**About this exercise**
Within the entries below, output exactly the lines between the line containing "May include: Printable" and the line containing "Ancient Bronze Bells", inclusive, and omit any picture.

**Records provided**
[Start of Attachment]
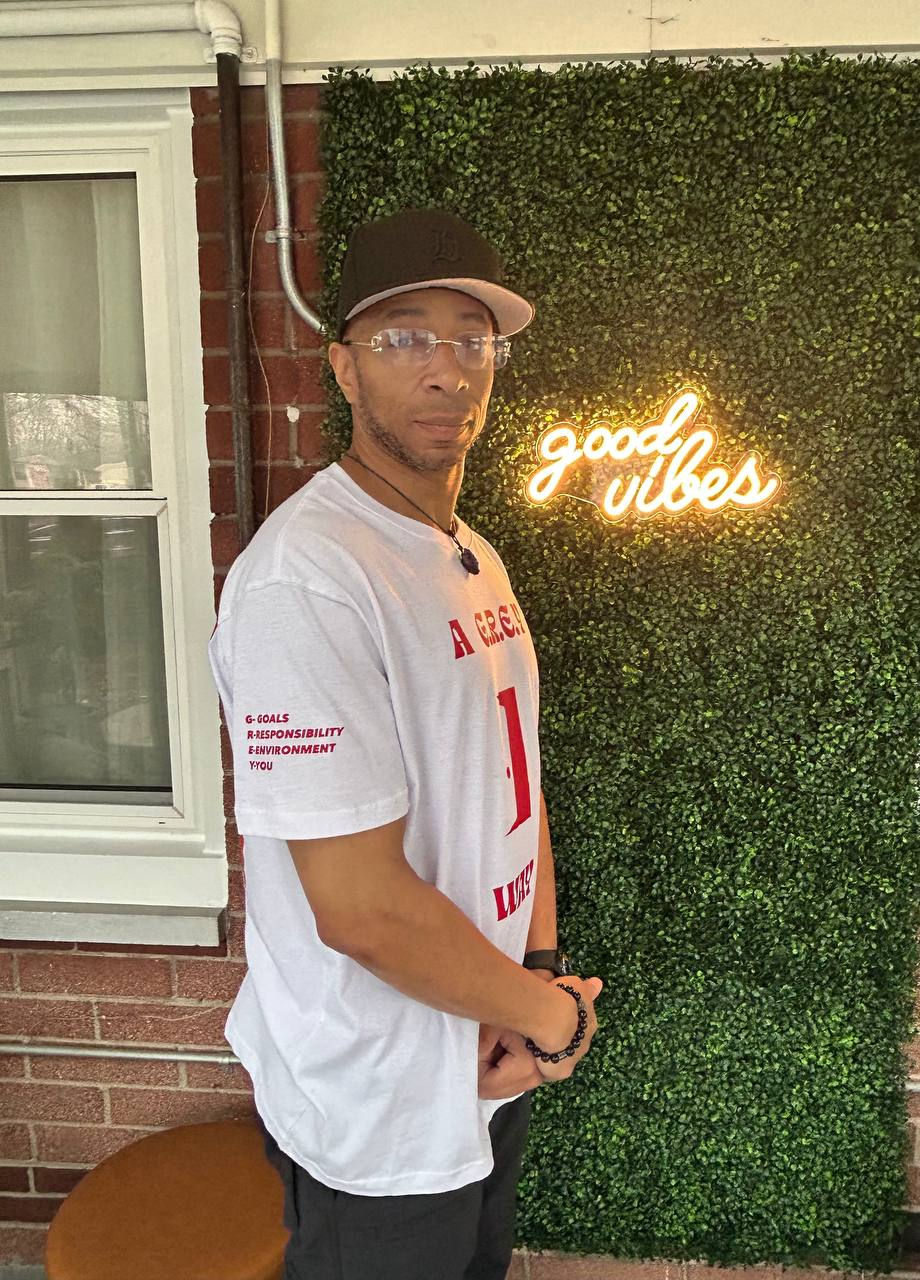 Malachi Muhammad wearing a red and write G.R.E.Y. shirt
[End of Attachment]
[Start of Attachment]
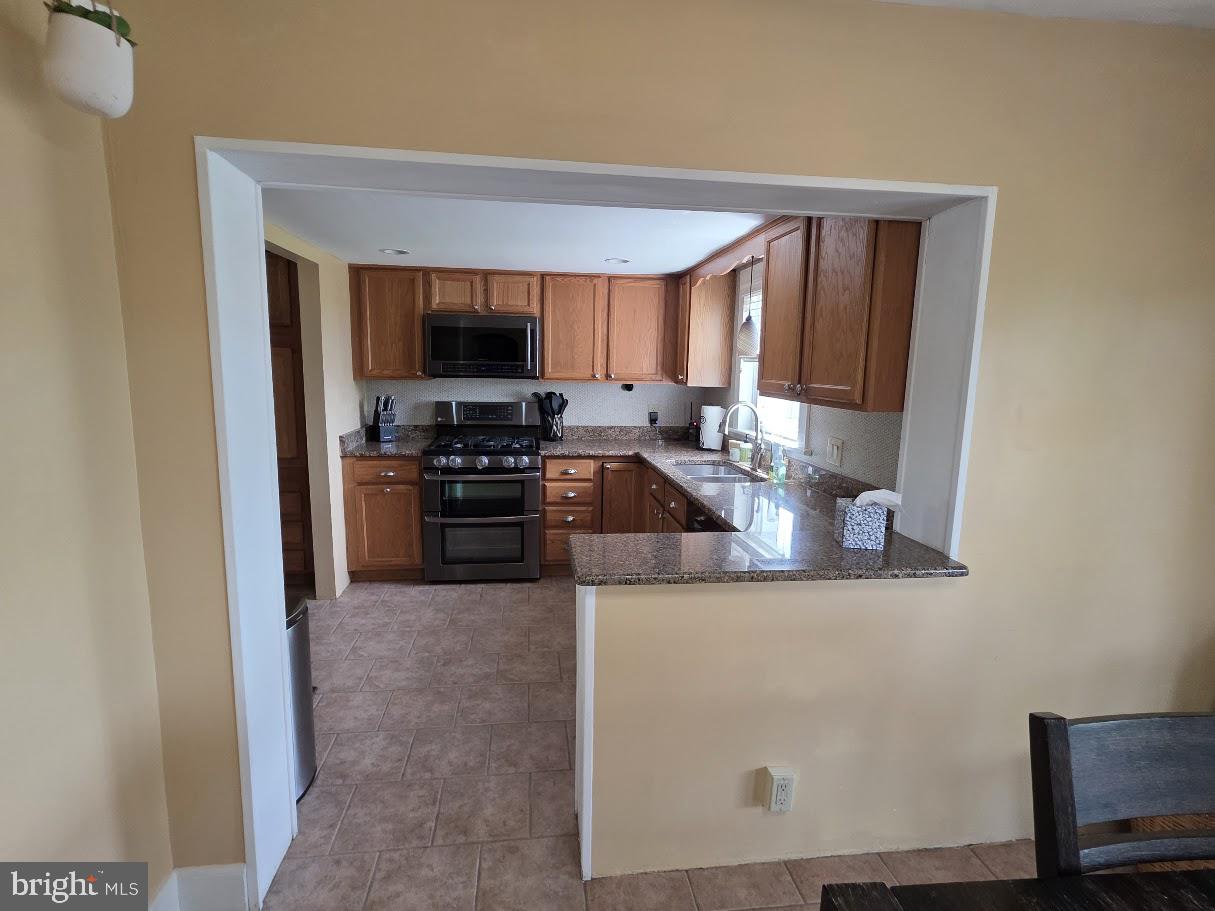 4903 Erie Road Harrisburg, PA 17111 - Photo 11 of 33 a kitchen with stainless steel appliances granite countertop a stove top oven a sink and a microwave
[End of Attachment]
[Start of Attachment]
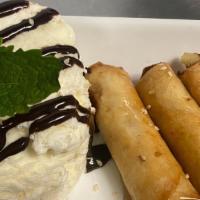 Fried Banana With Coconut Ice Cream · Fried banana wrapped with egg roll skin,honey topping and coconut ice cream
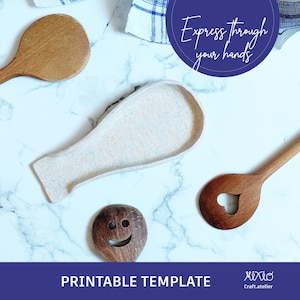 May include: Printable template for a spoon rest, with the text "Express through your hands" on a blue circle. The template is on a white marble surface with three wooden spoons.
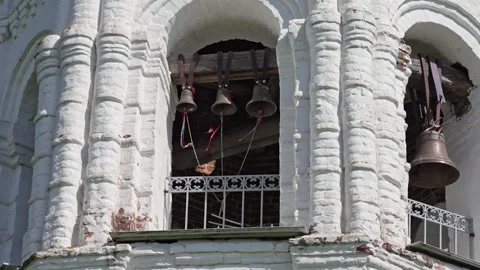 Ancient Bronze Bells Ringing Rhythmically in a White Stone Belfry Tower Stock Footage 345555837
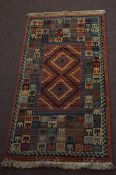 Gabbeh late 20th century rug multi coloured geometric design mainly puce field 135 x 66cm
[End of Attachment]
**Task answer**
 May include: Printable template for a spoon rest, with the text "Express through your hands" on a blue circle. The template is on a white marble surface with three wooden spoons.
 Ancient Bronze Bells Ringing Rhythmically in a White Stone Belfry Tower Stock Footage 345555837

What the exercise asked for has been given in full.